「持ち込み可の学期末テストを受けるだけで良い」のは楽勝なのか?

2008-11-03 - 大学に関する話題日記」さん経由で知ったニュース…というか記事です。

大学単位取得事情「詩を提出」「出席1/3」でOKの例も(アメーバニュース)

 某国立大学の学生によると、彼の大学で通常の単位は「出席点+テスト」や「レポート」でもらえるが、時にあまりに簡単過ぎる評価方法もある。

 それは「持ち込み可の学期末テストを受けるだけで良い」「学期末に詩を書いて提出するだけで良い(出席は取らない)」「(全15回の講義のうち)出席を5回するだけで良い」など。全く講義内容を身につけることなく単位が取れてしまう講義も存在するのだ。

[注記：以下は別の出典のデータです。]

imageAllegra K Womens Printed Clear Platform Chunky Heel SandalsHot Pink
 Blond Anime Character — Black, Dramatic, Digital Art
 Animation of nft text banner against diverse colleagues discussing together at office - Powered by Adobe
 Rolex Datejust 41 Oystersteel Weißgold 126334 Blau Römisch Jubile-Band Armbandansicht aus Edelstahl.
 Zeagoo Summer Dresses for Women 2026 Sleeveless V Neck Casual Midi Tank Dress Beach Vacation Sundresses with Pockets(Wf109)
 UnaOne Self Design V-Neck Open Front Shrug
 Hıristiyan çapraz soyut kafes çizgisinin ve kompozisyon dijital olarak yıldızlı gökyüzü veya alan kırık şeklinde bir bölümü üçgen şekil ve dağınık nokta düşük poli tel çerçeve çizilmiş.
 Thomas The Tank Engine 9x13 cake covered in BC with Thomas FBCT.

http://news.ameba.jp/special/2008/11/19240.html

全文を読むとえらく尻すぼみなこの記事ですが,おいおいと思ったのが「あまりに簡単過ぎる評価方法」に「持ち込み可の学期末テストを受けるだけで良い」が含まれていること。学生で誤解している者も多いけど,「持ち込み可」が「持ち込み不可」より簡単というのは間違った考えです。

問題を作る側からすると,「持ち込み不可」にすると,まず用語を説明させる問題が出せる。用語説明なんて覚えてくればできるんだからアホでも解けます。また,あまり高度な問題を出すと60点を切る者が続出するので,あまり難しくできない。ぼくは「授業中にやったのと同じ問題は出さない」というポリシーがあり,試験には用語説明問題を除いて応用を出すのですが,同時に,ぼくには「試験の点数には下駄をはかせない」というポリシーがあるので,持ち込み不可の場合,応用問題といっても授業中に取り上げたものをほんのちょっといじった程度にしかできません。つまり難しい問題は出せないということです。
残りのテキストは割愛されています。